Exact transcript, pictures excluded: write out every record below.

[Web page caption snippets]

—————

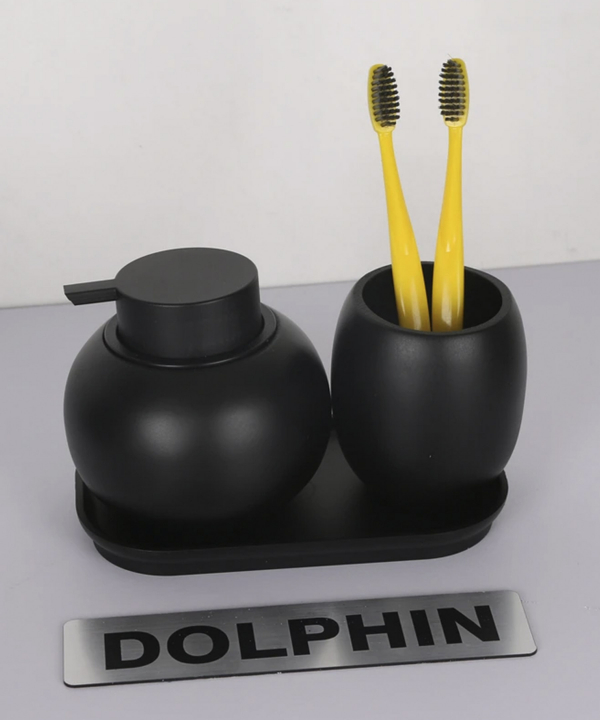 ست سرویس بهداشتی 7 پارچه دلفین Dolphin مدل FN-750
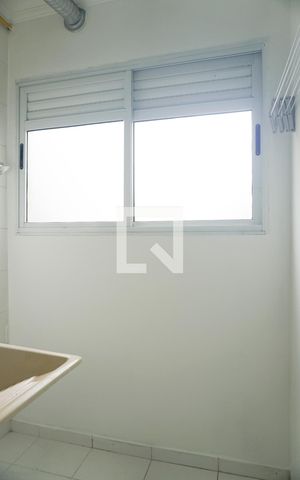 Apartamento à venda com 50m², 2 quartos e 1 vagaLavanderia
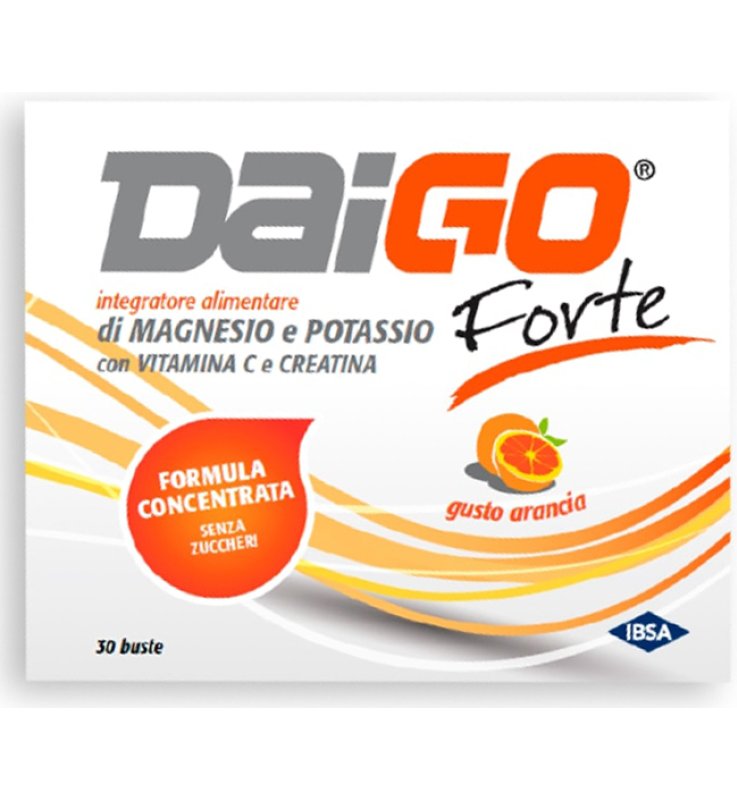 DAIGO Forte 30 Bust.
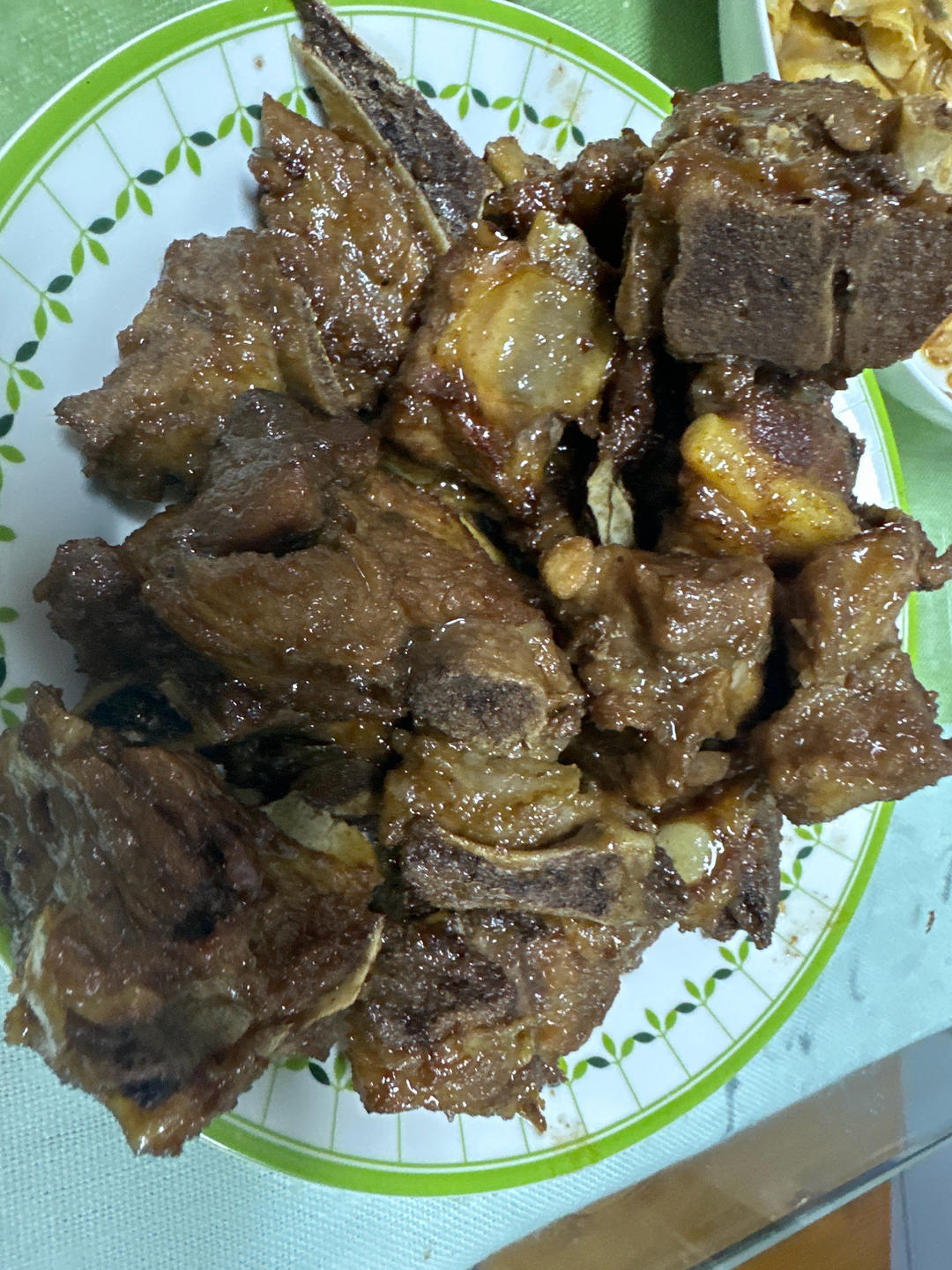 根本停不下来的糖醋排骨
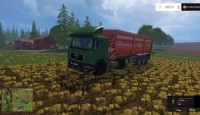 FS 2015 – Man F2000 Kamyon Yaması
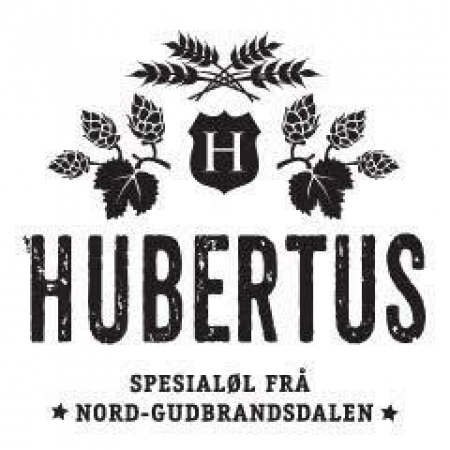 Logo of Hubertus Bryggeri  brewery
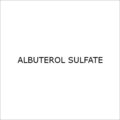 Albuterol Sulfate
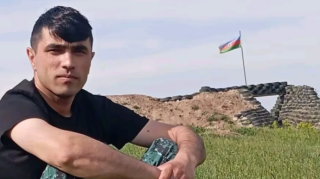 DSX hərbçisi vəfat etdi - FOTO 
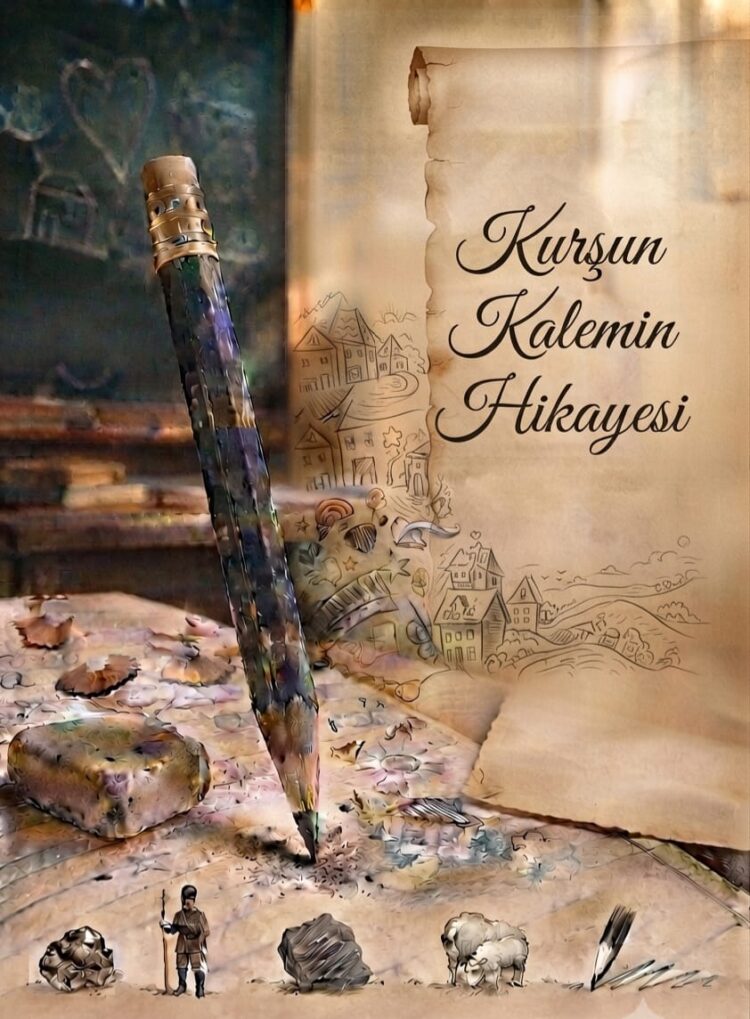 Kurşun Kalemin Hikâyesi
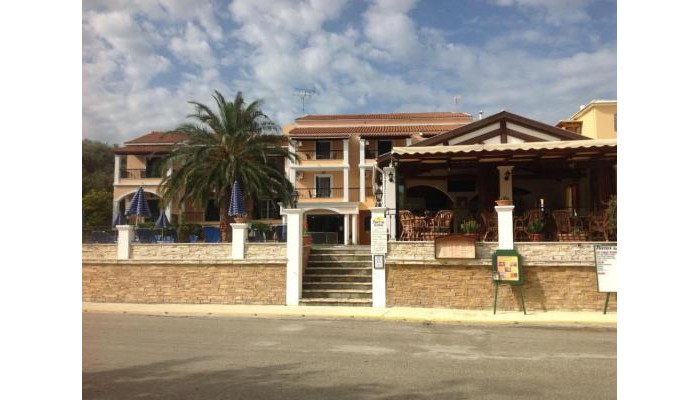 Corfu Perros Hotel poza 1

—————

_Task result:_
 ست سرویس بهداشتی 7 پارچه دلفین Dolphin مدل FN-750
 Apartamento à venda com 50m², 2 quartos e 1 vagaLavanderia
 DAIGO Forte 30 Bust.
 根本停不下来的糖醋排骨
 FS 2015 – Man F2000 Kamyon Yaması
 Logo of Hubertus Bryggeri  brewery
 Albuterol Sulfate
 DSX hərbçisi vəfat etdi - FOTO 
 Kurşun Kalemin Hikâyesi
 Corfu Perros Hotel poza 1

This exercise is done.